Three more recovery days later, smoke jetted from her bony crotch, her ears twirled like whatzits. She hunched over a workbench in the garage and squeezed a tube of silicon, wanding the applicator over crushed neoprene. Never mind the slices in her drysuit’s kneepads, her mind eeled along—never mind a week ago she’d rocketed from Cleargate terrified beyond her skull and before that crawled a thousand feet through Milford’s mandibles of flooded rock, mask a bedazzle of tears, claustrophobia banging her brain. Never mind—here was the situation. On those dives she’d silently begged for mercy, but she’d done a fair job calculating her gas usage, a more than fair job embracing the biochemical curtsies and swoons and soaring exchanges in the bloodstream that had her at addict, at more—she whistled a mechanical seesaw while she worked now, just thinking. Next dive—deeper, if she planned it right. If all went according to plan. And when the inner garage door slung open—her husband just home from the office, wincing, last night’s congress evidently forgotten—she stored her suit on a hanger and recalled how much the custom fit cost back in the day. Now she’d have to get it taken in. Restore the dark shape to her own newer, trimmer one. How much that would cost her.
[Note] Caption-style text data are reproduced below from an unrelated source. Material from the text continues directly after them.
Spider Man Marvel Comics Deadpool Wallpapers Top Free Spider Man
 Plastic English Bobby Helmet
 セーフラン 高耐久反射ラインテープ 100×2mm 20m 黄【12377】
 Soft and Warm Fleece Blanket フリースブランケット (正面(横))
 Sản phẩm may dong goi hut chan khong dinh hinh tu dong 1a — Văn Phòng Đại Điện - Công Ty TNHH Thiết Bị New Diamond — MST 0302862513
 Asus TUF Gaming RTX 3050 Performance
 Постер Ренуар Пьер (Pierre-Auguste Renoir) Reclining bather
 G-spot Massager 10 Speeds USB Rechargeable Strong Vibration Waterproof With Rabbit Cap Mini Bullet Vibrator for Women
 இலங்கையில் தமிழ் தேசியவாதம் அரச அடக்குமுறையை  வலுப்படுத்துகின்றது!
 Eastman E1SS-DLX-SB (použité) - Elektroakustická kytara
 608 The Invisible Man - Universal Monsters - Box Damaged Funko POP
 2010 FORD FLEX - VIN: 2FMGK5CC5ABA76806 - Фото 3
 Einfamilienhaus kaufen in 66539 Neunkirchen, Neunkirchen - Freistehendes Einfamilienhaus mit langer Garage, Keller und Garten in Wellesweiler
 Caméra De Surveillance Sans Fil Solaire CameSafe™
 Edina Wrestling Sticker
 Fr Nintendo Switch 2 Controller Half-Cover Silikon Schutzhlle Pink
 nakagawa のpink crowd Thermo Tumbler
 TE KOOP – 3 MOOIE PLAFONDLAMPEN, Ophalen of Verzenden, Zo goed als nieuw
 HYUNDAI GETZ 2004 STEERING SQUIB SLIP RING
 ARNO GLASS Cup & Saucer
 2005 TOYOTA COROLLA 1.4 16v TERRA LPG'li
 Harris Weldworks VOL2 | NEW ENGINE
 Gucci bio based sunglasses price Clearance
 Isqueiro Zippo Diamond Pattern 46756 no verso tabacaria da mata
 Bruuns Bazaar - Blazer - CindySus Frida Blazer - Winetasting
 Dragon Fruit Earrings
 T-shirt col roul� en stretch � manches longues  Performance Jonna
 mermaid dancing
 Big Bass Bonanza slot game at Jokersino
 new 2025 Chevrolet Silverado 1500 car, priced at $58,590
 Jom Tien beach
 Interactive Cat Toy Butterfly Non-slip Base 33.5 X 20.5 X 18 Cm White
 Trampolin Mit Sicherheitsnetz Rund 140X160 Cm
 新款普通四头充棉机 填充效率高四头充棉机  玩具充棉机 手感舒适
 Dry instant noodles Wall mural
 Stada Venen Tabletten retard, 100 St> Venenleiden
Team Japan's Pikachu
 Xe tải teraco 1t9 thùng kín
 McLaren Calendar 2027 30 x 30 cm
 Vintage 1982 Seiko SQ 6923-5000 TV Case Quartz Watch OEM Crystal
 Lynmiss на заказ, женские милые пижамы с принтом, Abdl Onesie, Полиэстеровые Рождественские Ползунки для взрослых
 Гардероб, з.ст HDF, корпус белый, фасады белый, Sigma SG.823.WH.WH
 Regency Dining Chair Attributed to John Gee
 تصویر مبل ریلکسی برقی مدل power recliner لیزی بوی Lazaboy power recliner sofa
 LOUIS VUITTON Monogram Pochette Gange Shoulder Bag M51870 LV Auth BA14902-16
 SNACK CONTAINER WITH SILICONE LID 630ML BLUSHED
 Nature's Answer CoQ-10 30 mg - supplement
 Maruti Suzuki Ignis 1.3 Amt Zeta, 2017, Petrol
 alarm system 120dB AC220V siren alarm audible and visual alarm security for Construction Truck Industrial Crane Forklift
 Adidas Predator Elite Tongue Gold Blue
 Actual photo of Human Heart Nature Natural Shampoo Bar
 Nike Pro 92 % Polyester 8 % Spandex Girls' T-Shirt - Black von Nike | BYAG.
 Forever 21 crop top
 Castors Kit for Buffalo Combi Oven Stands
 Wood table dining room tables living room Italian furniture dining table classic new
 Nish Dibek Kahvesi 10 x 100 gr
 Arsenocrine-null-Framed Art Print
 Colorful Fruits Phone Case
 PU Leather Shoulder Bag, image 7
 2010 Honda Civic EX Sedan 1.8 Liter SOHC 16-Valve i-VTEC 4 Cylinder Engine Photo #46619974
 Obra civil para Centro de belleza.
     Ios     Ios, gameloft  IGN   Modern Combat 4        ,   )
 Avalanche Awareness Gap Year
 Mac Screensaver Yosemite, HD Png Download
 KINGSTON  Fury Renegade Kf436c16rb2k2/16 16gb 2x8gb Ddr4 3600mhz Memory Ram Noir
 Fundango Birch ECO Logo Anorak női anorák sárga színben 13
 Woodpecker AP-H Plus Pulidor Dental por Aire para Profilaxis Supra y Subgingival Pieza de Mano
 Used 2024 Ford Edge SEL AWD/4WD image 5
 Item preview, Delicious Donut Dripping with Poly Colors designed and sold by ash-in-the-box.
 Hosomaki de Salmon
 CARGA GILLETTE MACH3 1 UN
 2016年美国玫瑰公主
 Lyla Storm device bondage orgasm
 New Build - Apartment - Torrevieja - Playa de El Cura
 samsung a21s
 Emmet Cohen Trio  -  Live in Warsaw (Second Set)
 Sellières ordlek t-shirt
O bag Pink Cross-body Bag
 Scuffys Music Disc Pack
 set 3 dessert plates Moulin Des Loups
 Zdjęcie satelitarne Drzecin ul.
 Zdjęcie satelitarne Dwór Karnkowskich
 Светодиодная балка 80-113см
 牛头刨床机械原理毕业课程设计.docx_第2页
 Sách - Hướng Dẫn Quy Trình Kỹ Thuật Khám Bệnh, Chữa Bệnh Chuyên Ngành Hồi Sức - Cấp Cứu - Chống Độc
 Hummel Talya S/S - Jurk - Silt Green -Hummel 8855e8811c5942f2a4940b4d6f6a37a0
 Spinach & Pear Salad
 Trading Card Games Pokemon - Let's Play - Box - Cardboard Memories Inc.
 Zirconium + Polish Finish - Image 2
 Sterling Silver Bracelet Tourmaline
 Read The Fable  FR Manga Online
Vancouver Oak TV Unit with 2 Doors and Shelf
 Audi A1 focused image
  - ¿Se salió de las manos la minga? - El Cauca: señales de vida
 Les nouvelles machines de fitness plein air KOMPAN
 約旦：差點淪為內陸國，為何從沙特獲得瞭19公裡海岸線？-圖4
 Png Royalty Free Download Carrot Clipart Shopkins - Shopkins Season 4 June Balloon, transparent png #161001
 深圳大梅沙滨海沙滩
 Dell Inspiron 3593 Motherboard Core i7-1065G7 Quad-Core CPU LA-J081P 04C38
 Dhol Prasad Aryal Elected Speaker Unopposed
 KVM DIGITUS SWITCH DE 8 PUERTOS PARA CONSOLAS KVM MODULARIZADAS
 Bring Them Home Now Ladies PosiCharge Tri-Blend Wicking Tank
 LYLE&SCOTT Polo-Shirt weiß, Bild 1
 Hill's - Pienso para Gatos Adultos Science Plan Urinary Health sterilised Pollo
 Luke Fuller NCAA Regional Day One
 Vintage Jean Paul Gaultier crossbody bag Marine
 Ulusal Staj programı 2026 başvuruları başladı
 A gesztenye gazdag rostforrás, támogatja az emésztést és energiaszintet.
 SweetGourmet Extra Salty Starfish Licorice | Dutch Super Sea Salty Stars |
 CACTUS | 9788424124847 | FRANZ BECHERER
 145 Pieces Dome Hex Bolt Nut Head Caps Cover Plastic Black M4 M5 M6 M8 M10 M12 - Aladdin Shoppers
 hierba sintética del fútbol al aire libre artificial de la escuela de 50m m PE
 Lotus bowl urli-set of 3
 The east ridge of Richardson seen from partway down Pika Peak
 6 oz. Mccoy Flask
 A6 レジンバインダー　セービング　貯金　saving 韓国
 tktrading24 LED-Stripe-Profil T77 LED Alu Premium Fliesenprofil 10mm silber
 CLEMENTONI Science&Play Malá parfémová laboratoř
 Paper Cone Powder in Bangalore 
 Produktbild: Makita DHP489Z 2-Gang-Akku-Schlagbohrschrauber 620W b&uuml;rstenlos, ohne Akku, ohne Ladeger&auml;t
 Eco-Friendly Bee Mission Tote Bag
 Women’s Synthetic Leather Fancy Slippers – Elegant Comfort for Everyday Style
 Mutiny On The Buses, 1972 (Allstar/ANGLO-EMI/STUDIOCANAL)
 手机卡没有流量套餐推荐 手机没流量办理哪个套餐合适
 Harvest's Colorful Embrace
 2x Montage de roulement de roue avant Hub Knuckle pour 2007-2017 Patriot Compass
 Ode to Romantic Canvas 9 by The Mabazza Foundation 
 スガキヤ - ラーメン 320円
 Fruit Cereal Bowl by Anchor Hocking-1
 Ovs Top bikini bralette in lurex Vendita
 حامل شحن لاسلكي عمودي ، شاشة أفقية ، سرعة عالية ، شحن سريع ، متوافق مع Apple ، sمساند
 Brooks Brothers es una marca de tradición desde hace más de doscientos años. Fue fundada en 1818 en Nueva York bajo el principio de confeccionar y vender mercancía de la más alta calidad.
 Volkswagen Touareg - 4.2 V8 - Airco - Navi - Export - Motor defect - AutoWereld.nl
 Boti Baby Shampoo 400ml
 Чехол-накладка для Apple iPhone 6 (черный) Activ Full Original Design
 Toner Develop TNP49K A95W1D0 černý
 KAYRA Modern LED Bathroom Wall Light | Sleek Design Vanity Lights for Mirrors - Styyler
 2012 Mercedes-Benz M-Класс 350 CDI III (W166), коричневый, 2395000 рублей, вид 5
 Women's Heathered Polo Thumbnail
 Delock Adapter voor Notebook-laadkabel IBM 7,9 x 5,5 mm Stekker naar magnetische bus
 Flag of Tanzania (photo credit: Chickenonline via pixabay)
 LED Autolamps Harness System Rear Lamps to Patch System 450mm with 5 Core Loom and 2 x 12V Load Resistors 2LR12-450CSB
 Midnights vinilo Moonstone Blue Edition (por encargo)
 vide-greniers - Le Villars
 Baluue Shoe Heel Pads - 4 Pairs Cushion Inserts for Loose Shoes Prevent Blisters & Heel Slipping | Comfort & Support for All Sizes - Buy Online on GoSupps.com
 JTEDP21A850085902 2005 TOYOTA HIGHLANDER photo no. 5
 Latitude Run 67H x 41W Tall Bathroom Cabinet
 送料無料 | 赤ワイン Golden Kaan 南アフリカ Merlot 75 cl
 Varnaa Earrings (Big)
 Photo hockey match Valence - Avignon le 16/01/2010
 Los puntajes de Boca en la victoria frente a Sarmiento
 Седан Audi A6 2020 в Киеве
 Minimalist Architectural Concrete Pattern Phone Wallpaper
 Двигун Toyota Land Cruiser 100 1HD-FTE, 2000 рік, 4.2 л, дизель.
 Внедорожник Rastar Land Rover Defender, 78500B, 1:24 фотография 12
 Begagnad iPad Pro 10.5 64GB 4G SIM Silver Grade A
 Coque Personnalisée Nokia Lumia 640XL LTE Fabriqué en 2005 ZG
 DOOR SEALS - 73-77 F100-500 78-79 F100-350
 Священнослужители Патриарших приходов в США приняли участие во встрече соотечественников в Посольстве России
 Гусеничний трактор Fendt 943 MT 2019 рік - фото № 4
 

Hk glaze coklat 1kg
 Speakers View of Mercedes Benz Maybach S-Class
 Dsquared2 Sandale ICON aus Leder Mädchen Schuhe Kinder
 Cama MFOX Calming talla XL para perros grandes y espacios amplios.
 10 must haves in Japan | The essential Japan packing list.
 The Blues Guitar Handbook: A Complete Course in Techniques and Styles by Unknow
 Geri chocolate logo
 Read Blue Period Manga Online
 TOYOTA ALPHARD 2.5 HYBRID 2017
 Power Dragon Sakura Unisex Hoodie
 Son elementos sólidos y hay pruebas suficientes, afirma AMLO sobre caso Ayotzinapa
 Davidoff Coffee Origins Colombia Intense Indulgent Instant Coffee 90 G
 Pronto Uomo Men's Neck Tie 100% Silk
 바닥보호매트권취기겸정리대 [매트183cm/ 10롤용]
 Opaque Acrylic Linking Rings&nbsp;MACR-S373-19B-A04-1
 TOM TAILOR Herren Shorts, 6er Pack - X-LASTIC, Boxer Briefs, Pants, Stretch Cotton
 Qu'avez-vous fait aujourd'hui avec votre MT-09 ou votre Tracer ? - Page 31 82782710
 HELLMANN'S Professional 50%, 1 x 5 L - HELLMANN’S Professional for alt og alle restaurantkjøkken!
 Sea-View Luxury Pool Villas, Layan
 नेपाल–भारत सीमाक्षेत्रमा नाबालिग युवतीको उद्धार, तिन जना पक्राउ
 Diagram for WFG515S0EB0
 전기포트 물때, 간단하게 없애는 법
As if he were thinking the same thing, the pinched face on him. As if he should care! She let fly and cornered him by the tanks. Shirt wilted and trousers creased around the groin. He puffed his cheeks and extended his neck at an angle usually seen on men too old to fix. Where were his glorious blue tats now? Gone, erased like stubborn but not invincible water marks. Do not threaten me, he said. He said, Everything is different now. Game changed. You’re different now.